Provincial police say more than half of the motorcyclists who died on OPP-patrolled roads last year were killed through no fault of their own.

According to a new OPP report, 27 motorcyclists and four passengers died in 2015 – 17 of those riders were driving properly when they were involved in a fatal crash.

This is the first time police say they have seen this in the last 10 years.

The report, which was issued on Monday, examines the 267 motorcycle fatalities that took place between 2006 and 2015.

Loss of control contributed to 33 of those fatalities, while speed contributed to 30 and failing to yield caused 28 deaths.

“While these causal factors can be attributed to either the motorcyclist or the driver(s) of other vehicle(s) involved in the collision, the bottom line is that motorcyclists and other drivers need to do a better job of sharing the road safely,” the report states.

The report also examines the 167 off-road vehicle deaths that have taken place in the last 10 years.

In 74 of those deaths, police found the riders were not wearing helmets at the time of the crash.
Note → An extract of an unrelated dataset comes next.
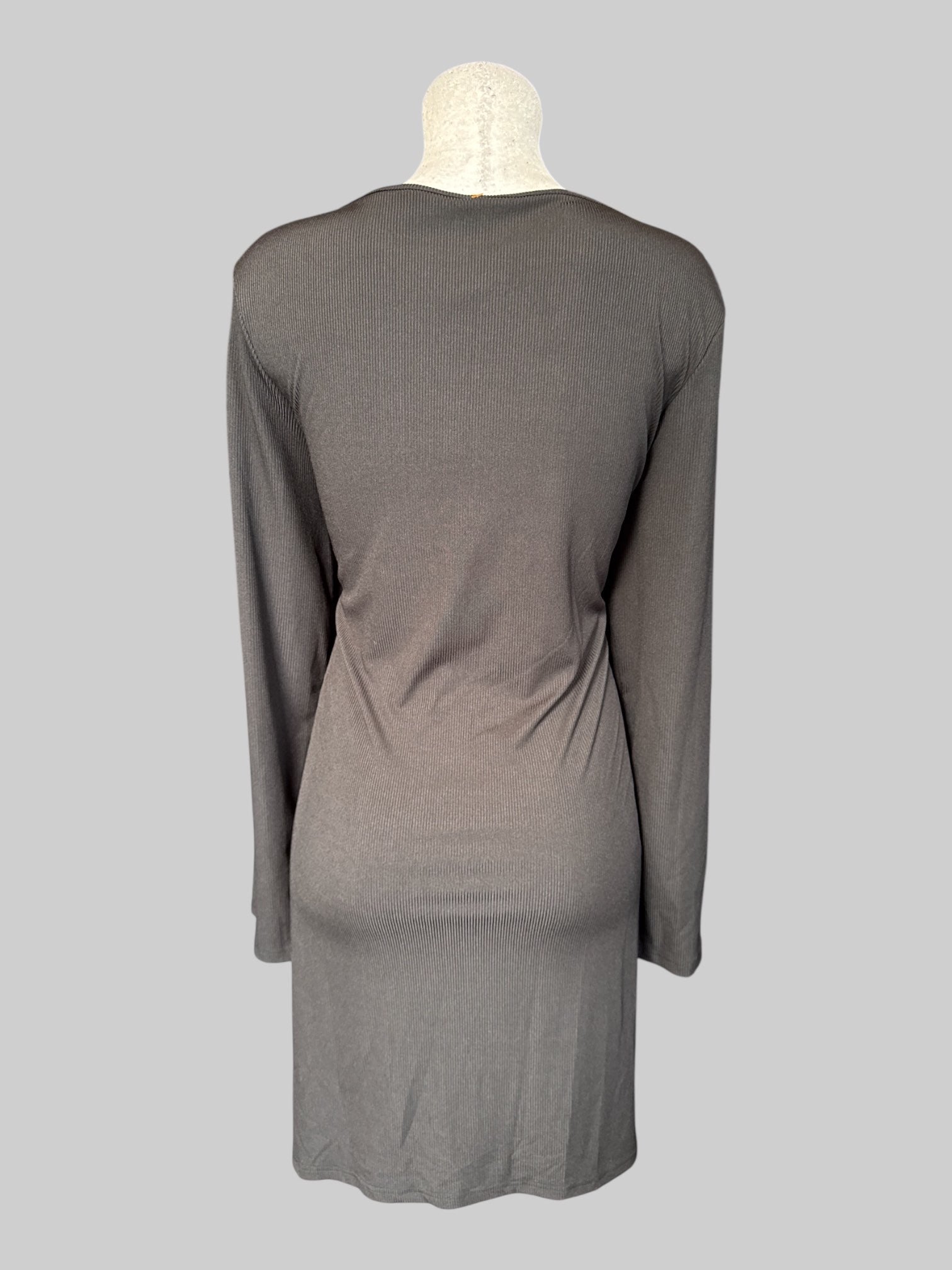 0X Black ribbed, long sleeve dress with square neckline and small hemmed slit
At the same time, the report identifies that riders were ejected from the vehicle in 154 of those incidents.

“The OPP remains concerned about the significant number of off-roaders who may falsely believe they can survive serious head trauma better than those who are ejected from other types of motorized vehicles,” the report states.

Police say more than two dozen of the deceased were teenagers or were even younger.

“These tragic, preventable deaths speak to the importance of all ORV users respecting the law and setting excellent examples for children who are being introduced to off-roading, whether as a new rider or a passenger.”

With the Victoria Day long weekend fast approaching, the OPP is appealing to the public to be mindful when on and off the roads.